使用しているXC32のバージョンは1.33です。異なるバージョンでは違う結果になるかもしれません。
 1.組み込み関数の幾つかはC++では使用できない
 組み込み関数として__builtin_xxxxxという形式の関数がありますが、これらは現時点ではC++に対応していないようです。
コンパイル段階でエラーになります。このため同じ機能の関数を実装する必要があります。
/*  インライン関数定義
 *      重要
 *   これらの関数はXC32 Cコンパイラに同等の関数が定義されているが、
 *  これらはC++言語では使用できない。現時点での使用制限らしい。
 *  (XC32 Vre1.33)
 *  (__builtin_disable_interrupts(), __builtin_enable_interrupts())
 */
inline void DI(void)
{
    __asm__ volatile ("di");
}
inline void EI(void)
{
    __asm__ volatile ("ei");
}
 2.割り込み処理関数(ISR)はC言語仕様に限定される
 割り込み処理関数を割り込みベクタに設定する機能はC++のマングリングに対応していないようです。

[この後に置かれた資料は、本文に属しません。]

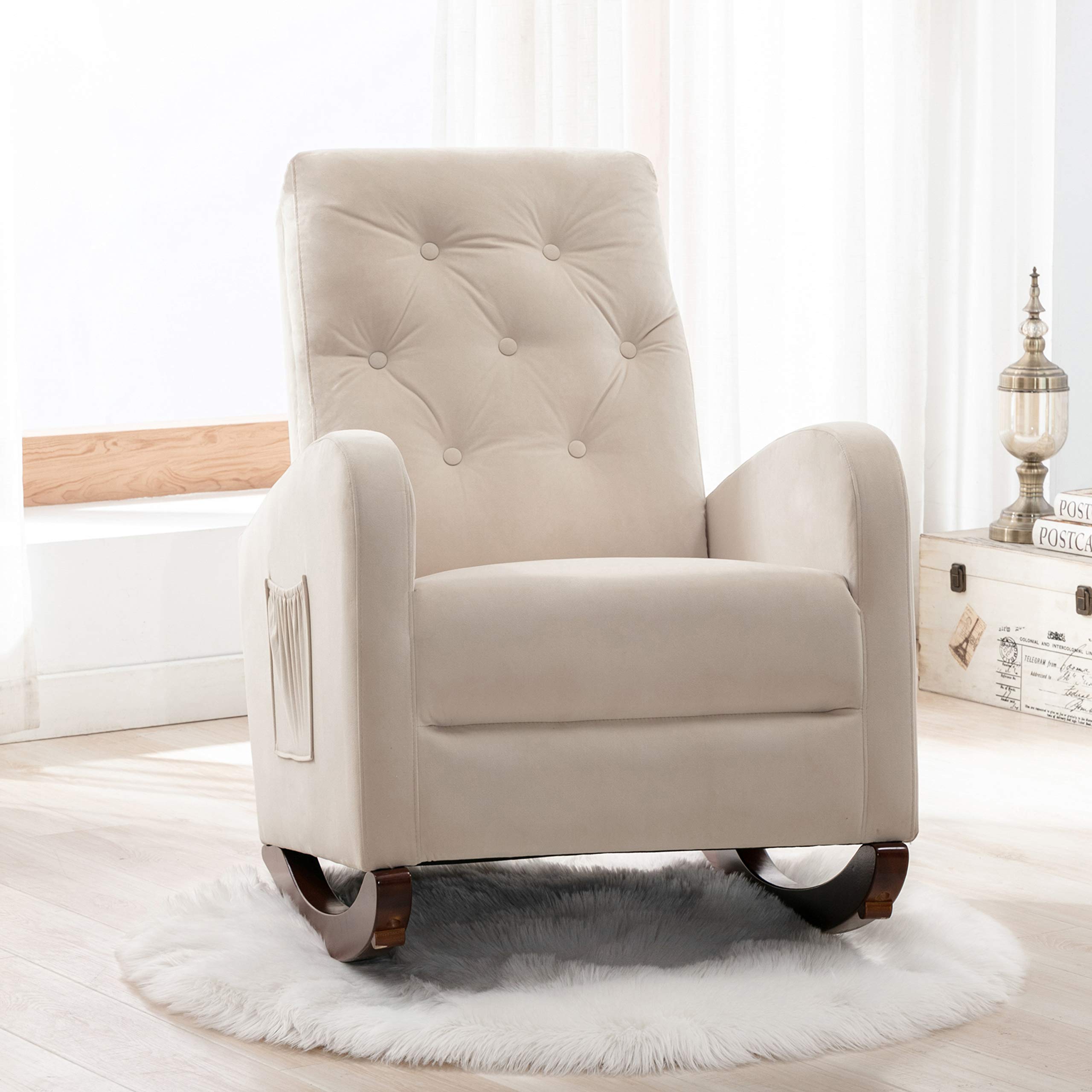 HomVent Baby Nursery Rocking Chair - High Back Comfortable Rocker with Padded Seat, Modern Armchair for Breastfeeding & Relaxing (Beige) | Perfect for Nurseries, Bedrooms & Living Rooms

必ず「extern "C"」の前置が必要です。
/*-------------------------------------------------------------------
 *  割り込み処理関数
 *      重要
 *  extern "C"は必須。これが無いとコンパイルでエラー
 */
extern "C" void __ISR(_TIMER_1_VECTOR, IPL1SOFT) TIMER1_ISR(void)
{
    //グローバル変数から必要なデータを取り出す
    INT_CB_ARG_t* arg = g_timer1_interrupt;
    //CB関数の呼び出し
    (*(void (*)(void*))arg->func)(arg->para);
}

 これでクラスを使用して割り込み処理機能を駆動できます。

 このプログラムリストではcastの形式がC言語のままで良くないとか変数・関数の命名規則が統一できていないとか色々と良くない点が残っています。が、PIC32を使ったC++のサンプルプログラムとしては多少の意味があると思います。まず最初に正しく動くプログラムがあれば、それを足掛かりに変更していくことができます。
このサンプルプログラムの元版を書くに当たり、ネット上でPIC32で動作するC++プログラムを探したのですが見つけることができませんでした。プログラムの断片なら多数見つかるのですが、これも他のマイコン用でPIC32を対象にしたものは見つけることが出来なかったので、動作する形でのソースリストを載せることにしました。